### [Given data]
━━━━━━━━━━━━━━━━━━━━━━━━━━━━━━

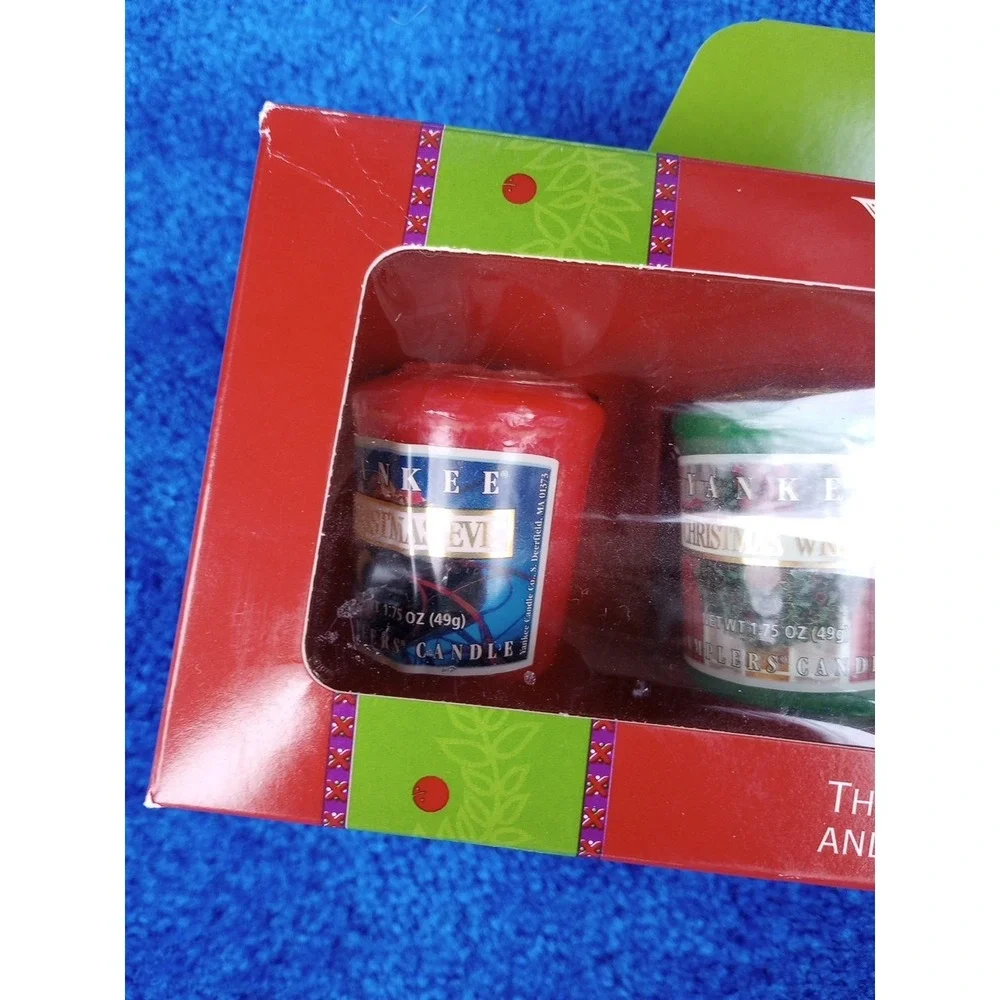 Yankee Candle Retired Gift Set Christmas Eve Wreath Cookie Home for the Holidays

━━━━━━━━━━━━━━━━━━━━━━━━━━━━━━

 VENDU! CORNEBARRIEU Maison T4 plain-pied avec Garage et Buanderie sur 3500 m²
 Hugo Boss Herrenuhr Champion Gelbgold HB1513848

━━━━━━━━━━━━━━━━━━━━━━━━━━━━━━

### [Prompt]
In the listing above, start at the line with "VENDU! CORNEBARRIEU Maison", go on through the line with "Hugo Boss Herrenuhr", and copy each of those lines exactly; leave out all the rest.

### [Answer area]
 VENDU! CORNEBARRIEU Maison T4 plain-pied avec Garage et Buanderie sur 3500 m²
 Hugo Boss Herrenuhr Champion Gelbgold HB1513848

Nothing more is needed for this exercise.